* _DATA_
-----

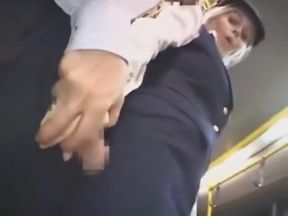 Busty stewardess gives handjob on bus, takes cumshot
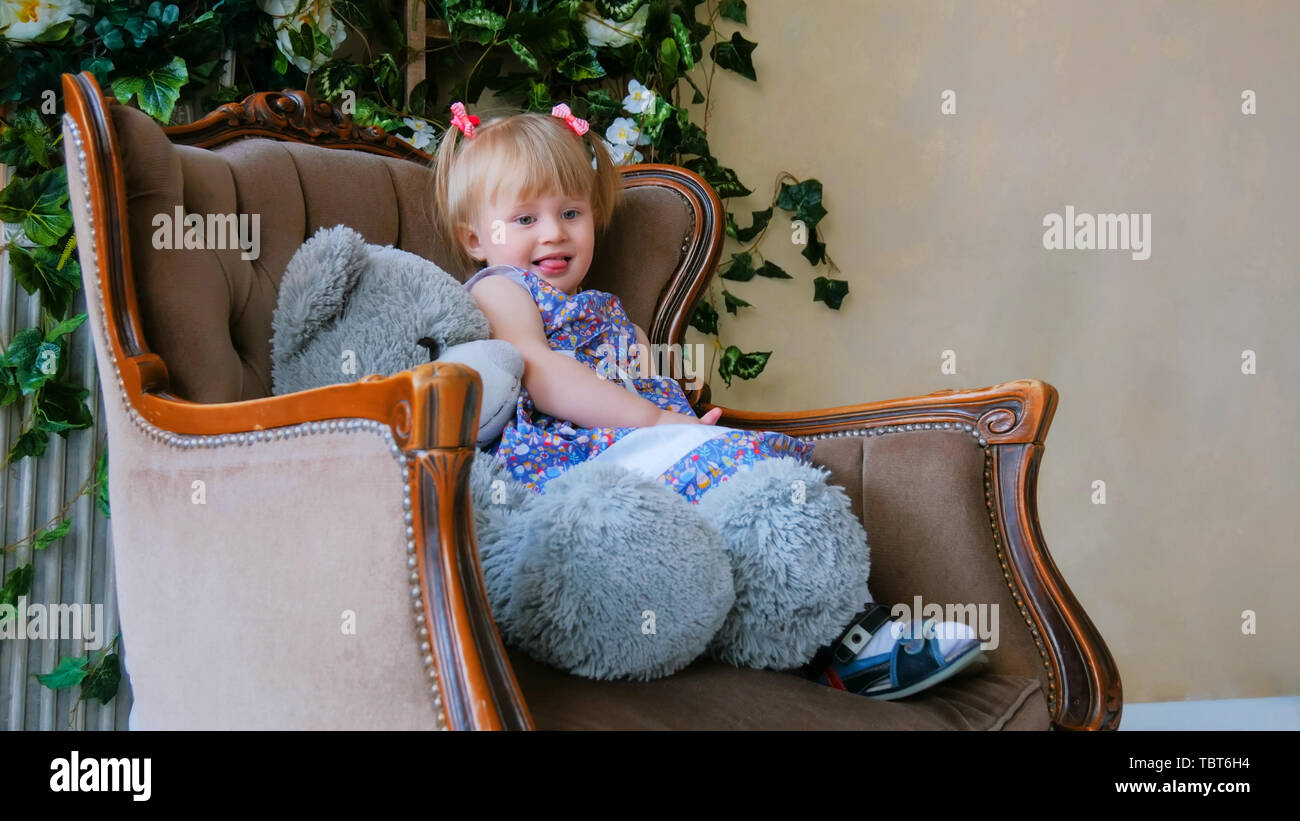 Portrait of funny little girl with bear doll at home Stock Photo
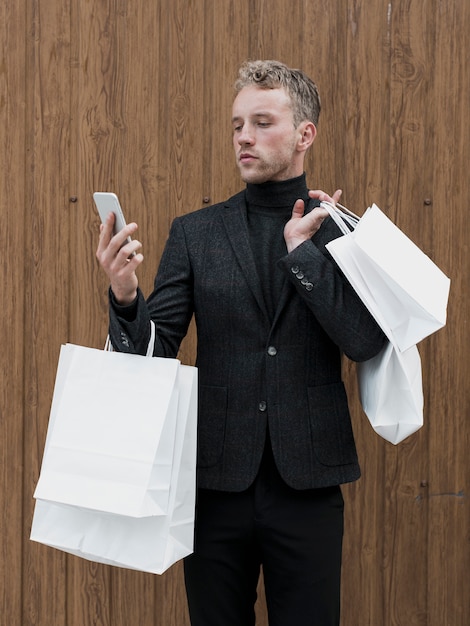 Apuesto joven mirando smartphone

-----

* _ACTIVITY_
If the material above contains pictures, exclude them from an otherwise exact transcription.

* _RESPONSE TO THE EXERCISE_
 Busty stewardess gives handjob on bus, takes cumshot
 Portrait of funny little girl with bear doll at home Stock Photo
 Apuesto joven mirando smartphone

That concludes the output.